> _EXERCISE REQUIREMENTS_:
Leave every picture out, and retype all the remaining records exactly.
=== Section Start ===
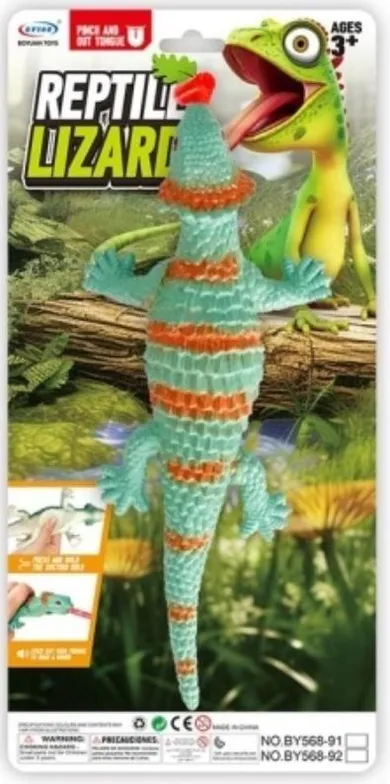 Merkpol, jaszczurka z wyciąganym językiem, 27 cm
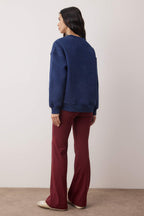 Trendyolmilla Bordo-Lacivert İspanyol Paça 2'li Paket Pantolon TWOAW26PL00057
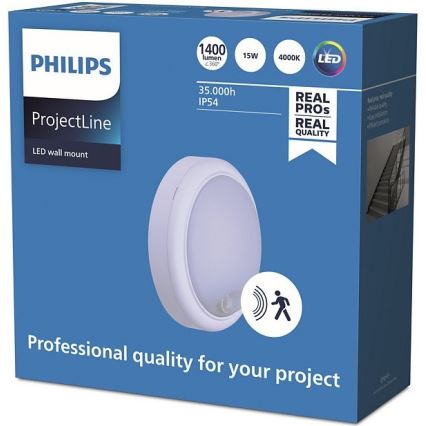 Philips - LED Wandlamp met sensor PROJECTLINE LED/15W/230V IP54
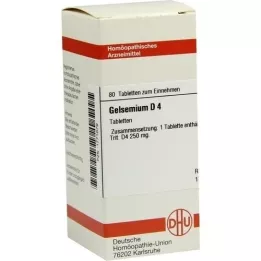 GELSEMIUM D 4 tabletas, 80 piezas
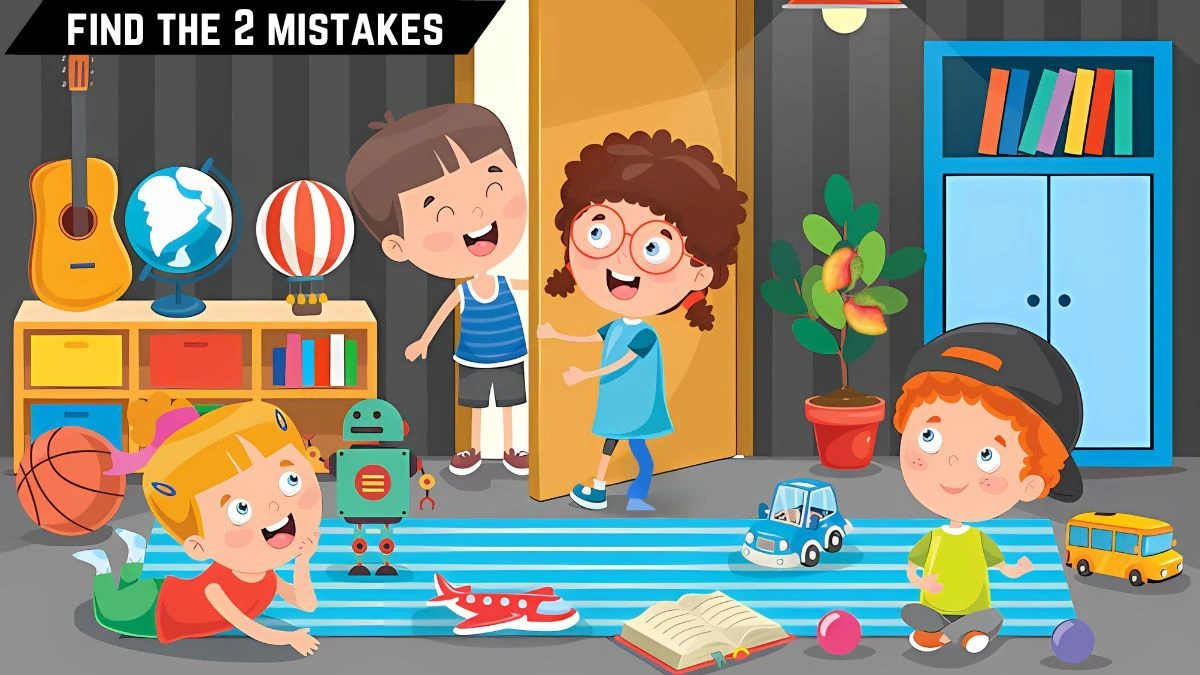 Spot the 2 Mistakes Picture Puzzle: Only the brightest minds can spot 2 Mistakes in 10 Secs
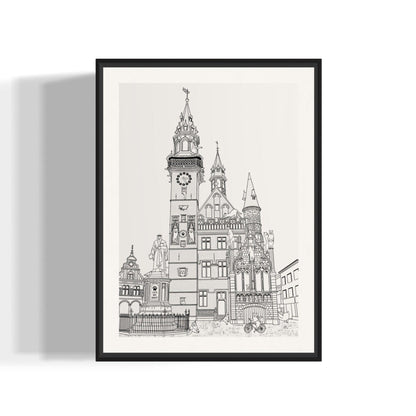 "Schepenhuis in Aalst" - Art Print - Catnip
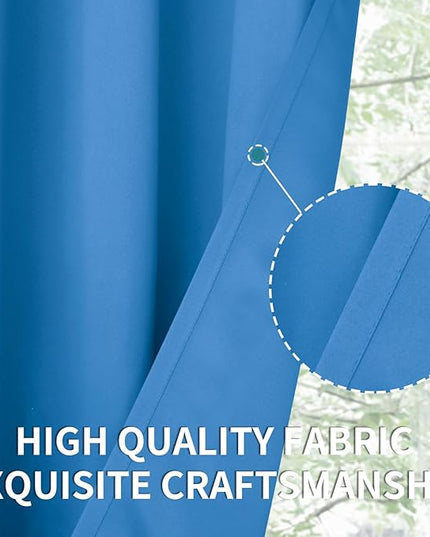 BGment Room Darkening Curtains 95 Inches Long - Grommet Thermal Insulated Drapes Window Treatment Curtains for Bedroom, 2 Panels, 52 x 95 Inch, Classic Blue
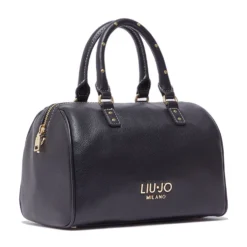 Bauletto Donna a Mano LIU JO Better effetto Bottalato Nero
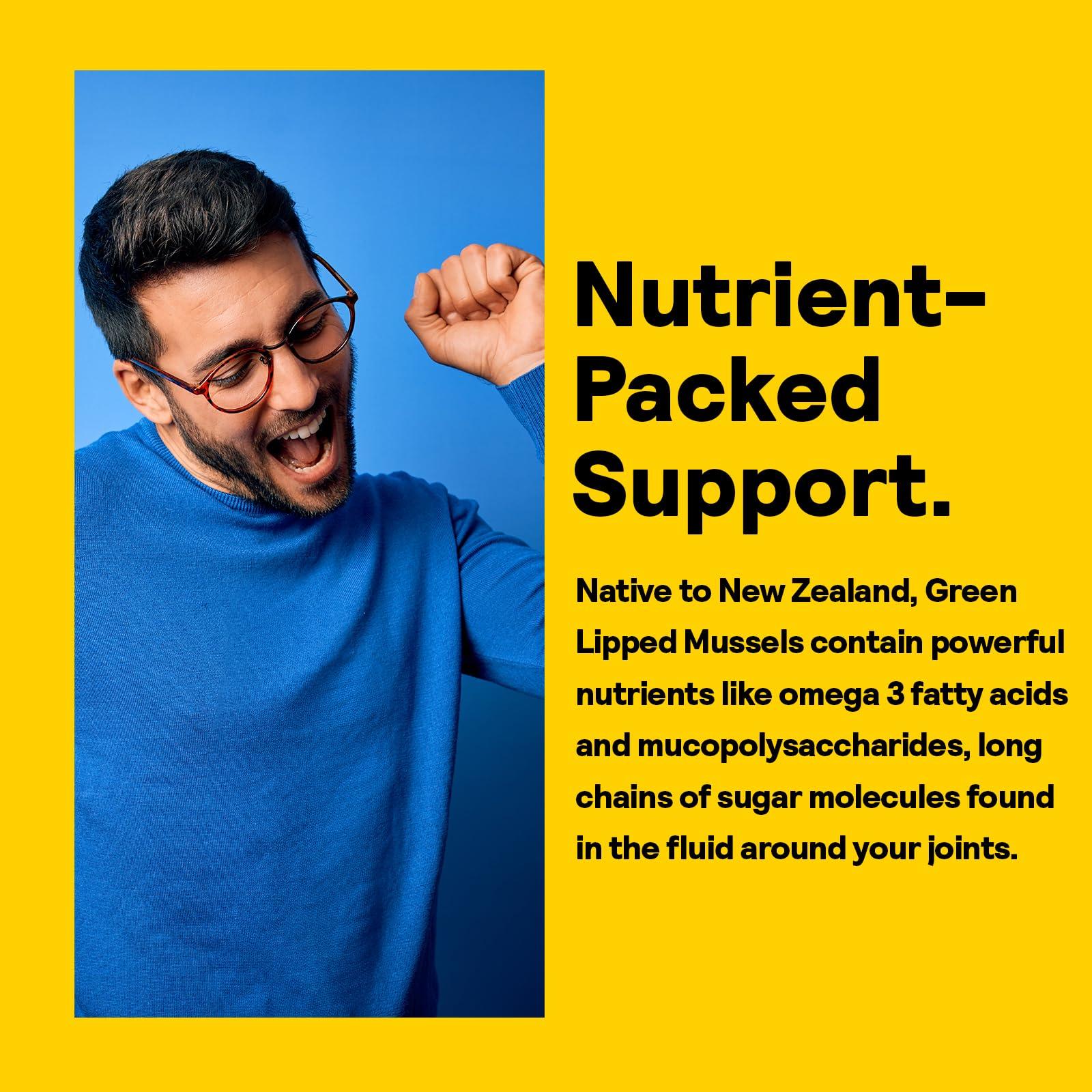 Nature's Life NATURE\'S LIFE Green Lipped Mussel 1500 mg - New Zealand Green Lipped Mussel Supplement with Naturally Occurring Omega 3 Fatty Acids - 60-Day Guarantee, Lab Verified - 30 Servings, 90 Capsules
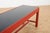 Wooden Side Table with Red Lacquer Black Glass Top For Sale - Image 9 of 13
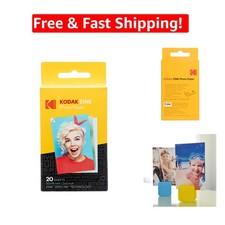 ZINK 2x3 Photo Paper - 20 Sheets of Smudge Proof Sticky Perfection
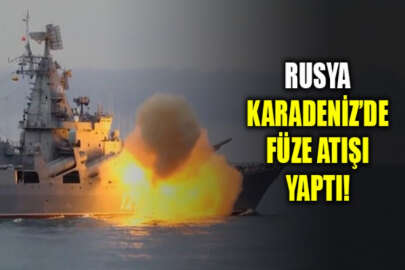 Rus savaş gemisi Karadeniz'de füze ateşledi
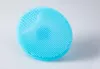 Facial Exfoliating Borste Spädbarn Baby Soft Silicone Wash Face Rengöring Kudde Skin Spa Bath Scrub Cleaner Tool Sn726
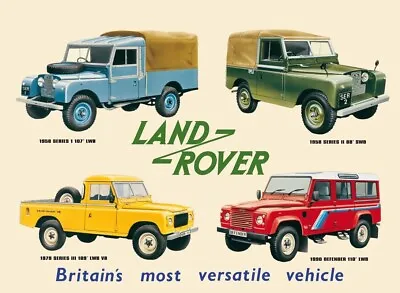 Land Rover Retro Metal Sign Vintage Style Plaque Man Cave Garage • £1.20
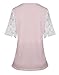FUNOC Womens Summer Casual Short Sleeve Shirt Tops Blouse Ladies Lace Casual Top Tank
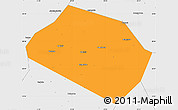 Political Simple Map of Rognedinskiy, single color outside, borders and labels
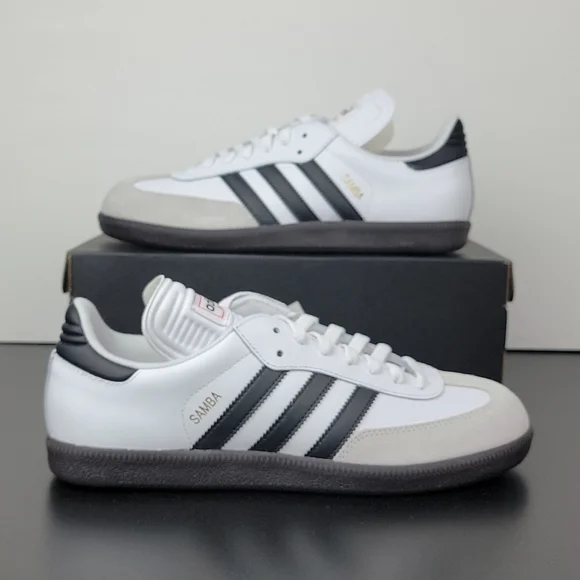 adidas gazelle silver green womens adidas Men's Samba Classic White/Black – Azteca Soccer main image 0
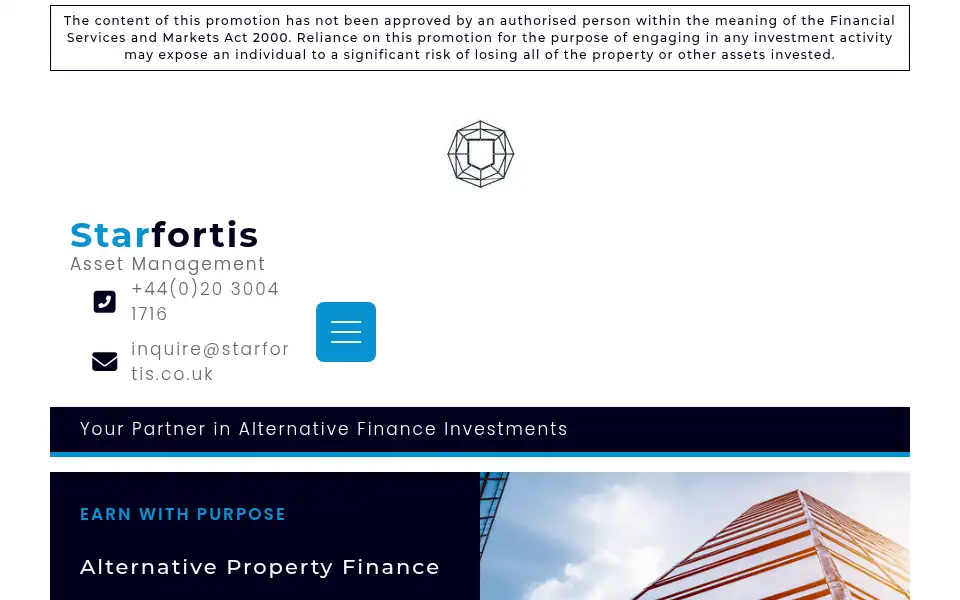 Screenshot of starfortis.uk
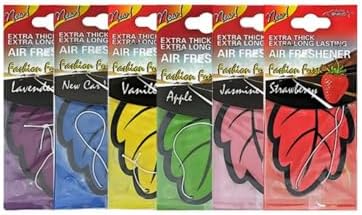 Leaf Shape Car Air Freshener Decor 6 Pcs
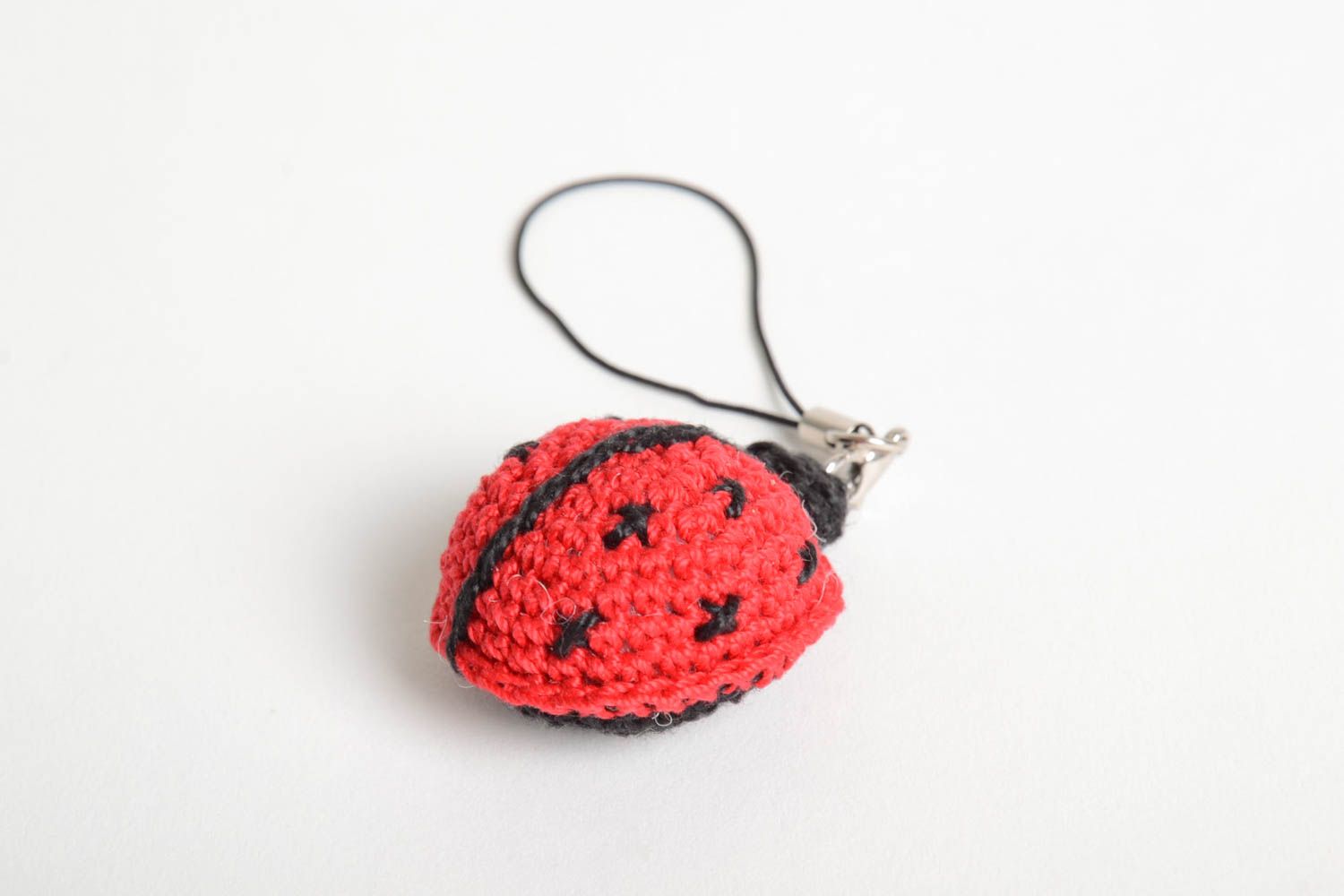 Popular handmade keychain crochet soft keychain toy phone charm gift ideas photo 3
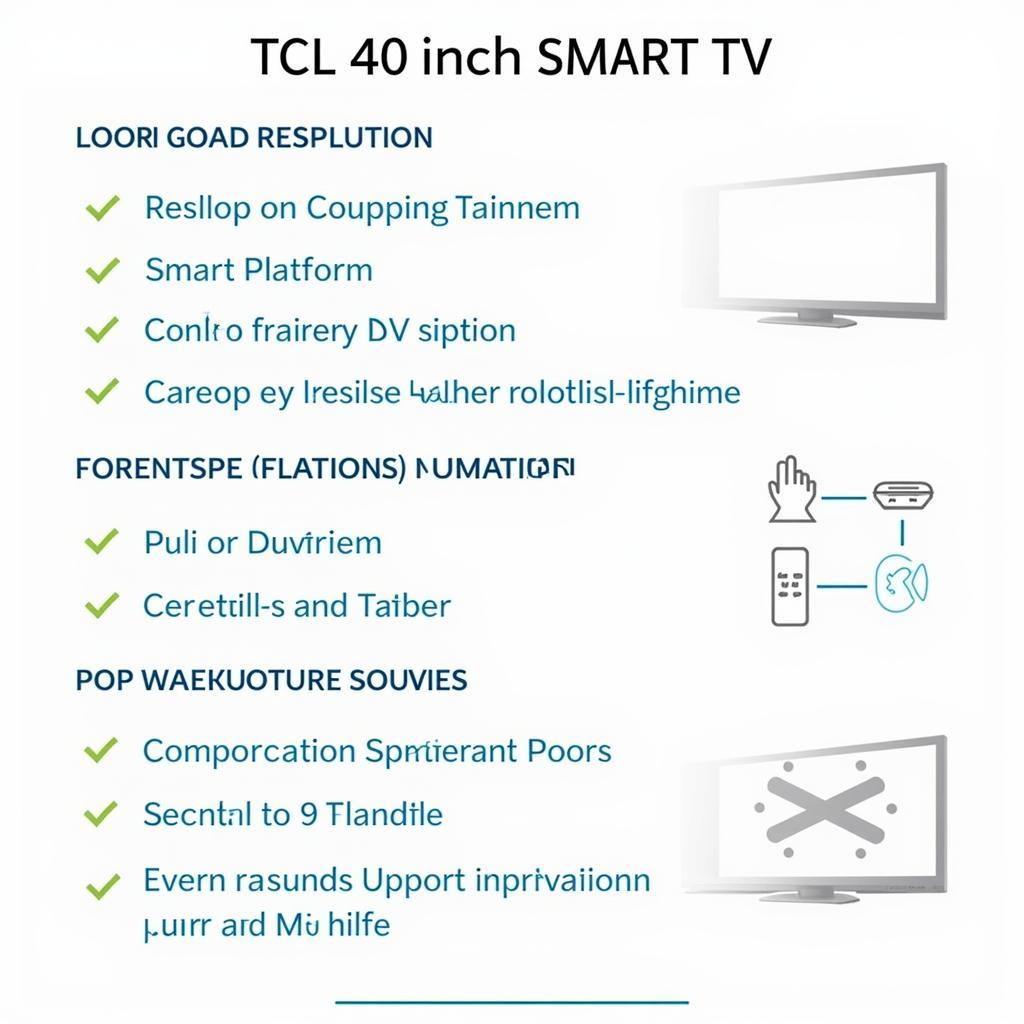 Key Features of a TCL 40 Inch Smart TV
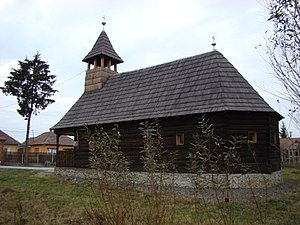 Igreja de madeira em Miercurea Nirajului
=== Section End ===
> _RESPONSE TO THIS TASK_:
 Merkpol, jaszczurka z wyciąganym językiem, 27 cm
 Trendyolmilla Bordo-Lacivert İspanyol Paça 2'li Paket Pantolon TWOAW26PL00057
 Philips - LED Wandlamp met sensor PROJECTLINE LED/15W/230V IP54
 GELSEMIUM D 4 tabletas, 80 piezas
 Spot the 2 Mistakes Picture Puzzle: Only the brightest minds can spot 2 Mistakes in 10 Secs
 "Schepenhuis in Aalst" - Art Print - Catnip
 BGment Room Darkening Curtains 95 Inches Long - Grommet Thermal Insulated Drapes Window Treatment Curtains for Bedroom, 2 Panels, 52 x 95 Inch, Classic Blue
 Bauletto Donna a Mano LIU JO Better effetto Bottalato Nero
 Nature's Life NATURE\'S LIFE Green Lipped Mussel 1500 mg - New Zealand Green Lipped Mussel Supplement with Naturally Occurring Omega 3 Fatty Acids - 60-Day Guarantee, Lab Verified - 30 Servings, 90 Capsules
 Wooden Side Table with Red Lacquer Black Glass Top For Sale - Image 9 of 13
 ZINK 2x3 Photo Paper - 20 Sheets of Smudge Proof Sticky Perfection
 Rus savaş gemisi Karadeniz'de füze ateşledi
 Facial Exfoliating Borste Spädbarn Baby Soft Silicone Wash Face Rengöring Kudde Skin Spa Bath Scrub Cleaner Tool Sn726
 Land Rover Retro Metal Sign Vintage Style Plaque Man Cave Garage • £1.20
FUNOC Womens Summer Casual Short Sleeve Shirt Tops Blouse Ladies Lace Casual Top Tank
 Political Simple Map of Rognedinskiy, single color outside, borders and labels
 adidas gazelle silver green womens adidas Men's Samba Classic White/Black – Azteca Soccer main image 0
 Screenshot of starfortis.uk
 Leaf Shape Car Air Freshener Decor 6 Pcs
 Popular handmade keychain crochet soft keychain toy phone charm gift ideas photo 3
 Key Features of a TCL 40 Inch Smart TV
 Igreja de madeira em Miercurea Nirajului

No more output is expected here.